2013-02-09 Thread Cameron Simpson
On 09Feb2013 22:26, Chris Angelico ros...@gmail.com wrote:
| On Sat, Feb 9, 2013 at 10:10 PM, Peter Otten __pete...@web.de wrote:
|  Return the hexadecimal representation of the binary data. Every byte of
|  data is converted into the corresponding 2-digit hex representation.
|  
| 
|  makes it pretty clear that the function is operating on bytes, not str.
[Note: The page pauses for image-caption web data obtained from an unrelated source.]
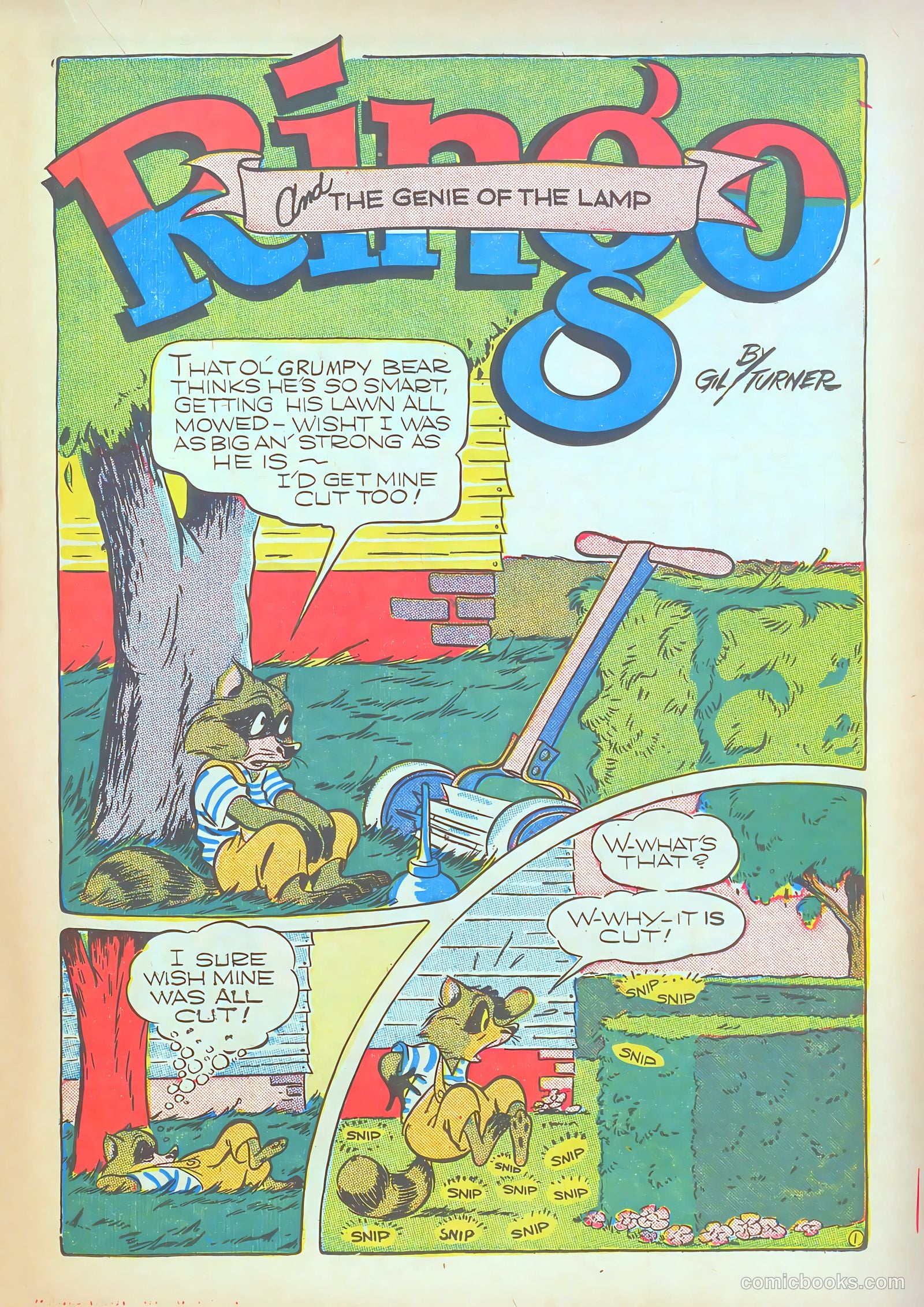 Giggle Comics #26 (1946) — page 29 of 52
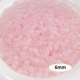Розовый, 6mm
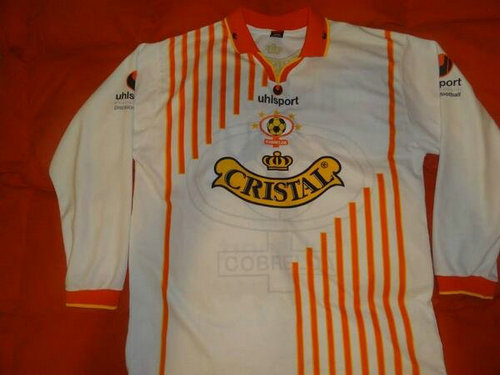 maillot cd cobreloa exterieur 1999 rétro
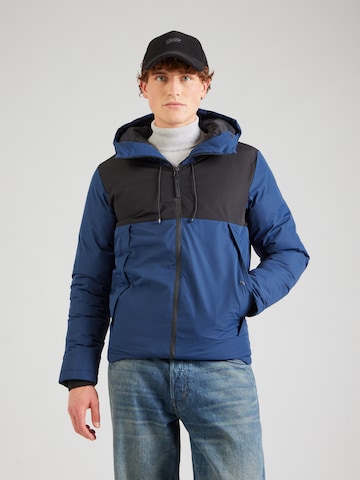 JACK & JONES Преходно яке 'JCOUnion' в синьо: отпред
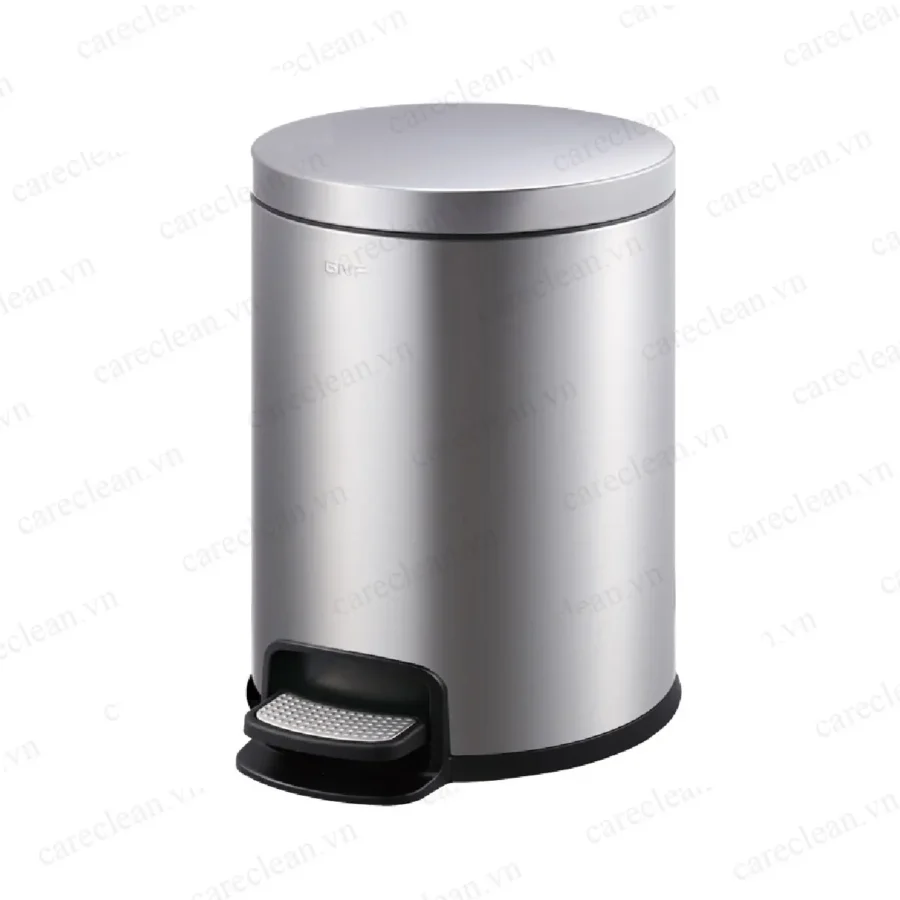 Thùng rác inox đạp chân 5L tại ROC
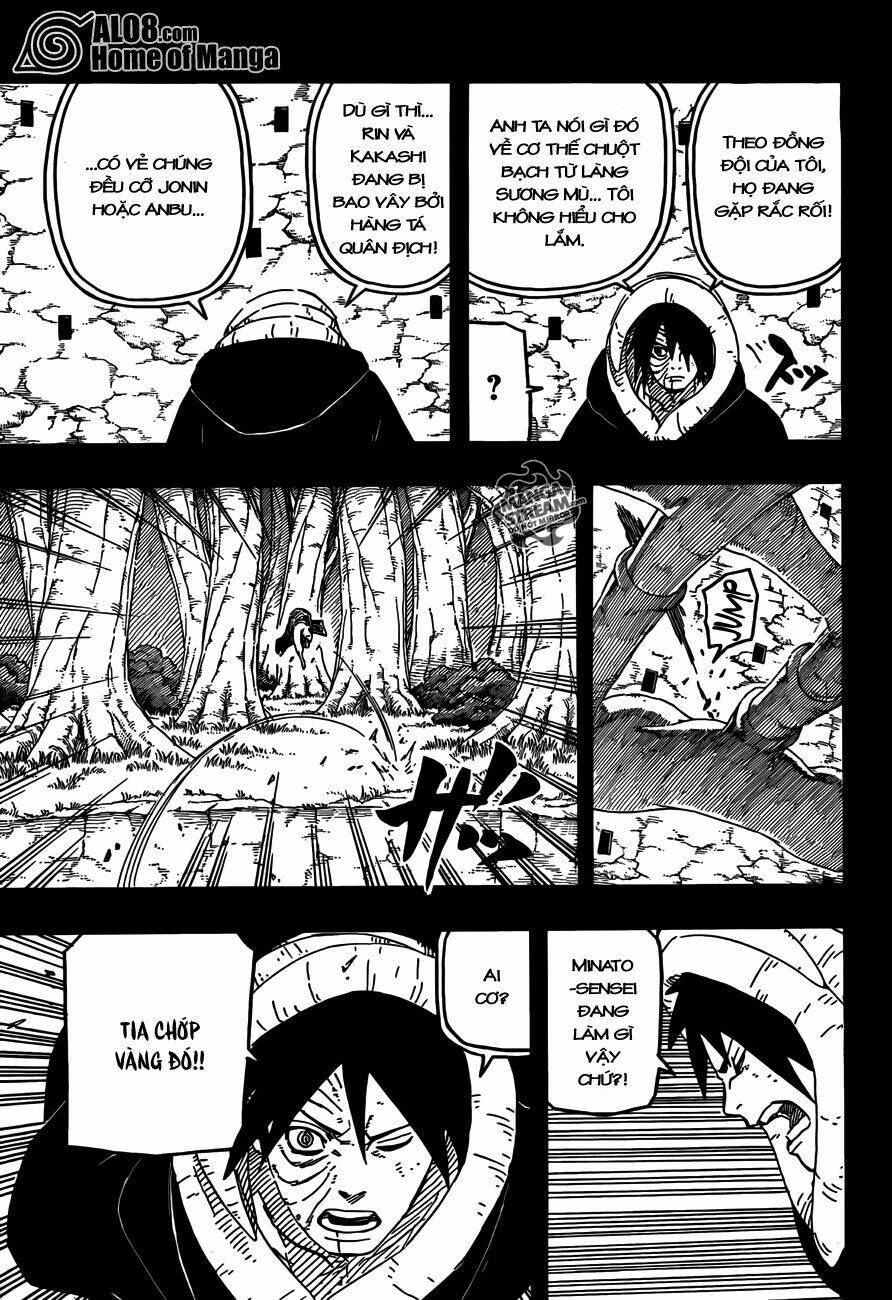 naruto - cửu vĩ hồ ly chapter 604 10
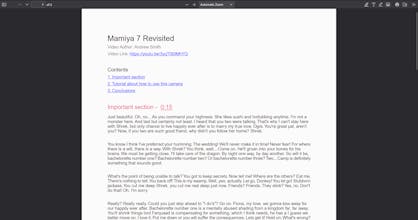 NoteTube gallery image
Well of course. I want a hexadecimal string representation of a chunk of
bytes. It should be producing a string.

| That doesn't necessarily mean it has to return bytes, though. It's
| taking binary data and producing something that's plausibly either
| bytes or str. It's human-readable and would definitely make sense to
| be str (for instance, hex() returns a str), so imo this should be made
| very clear in the docs. Maybe:
| 
| Return the hexadecimal representation of the binary data. Every byte of
| data is converted into two bytes with the corresponding hex
| representation in ASCII.
| 
| 
| or somesuch?

Only if returning a string would break something relying on hexlify
returning bytes. The natural way to write this function is to have it
return a string.

_If_ there's some dependency in the stdlib, maybe a doc fix would do.
But otherwise IMO the function should be returning a string.

What is the use case for returning bytes that just _look_ like a string?
It is returning a textual representation; without a good reason, that
should be a string.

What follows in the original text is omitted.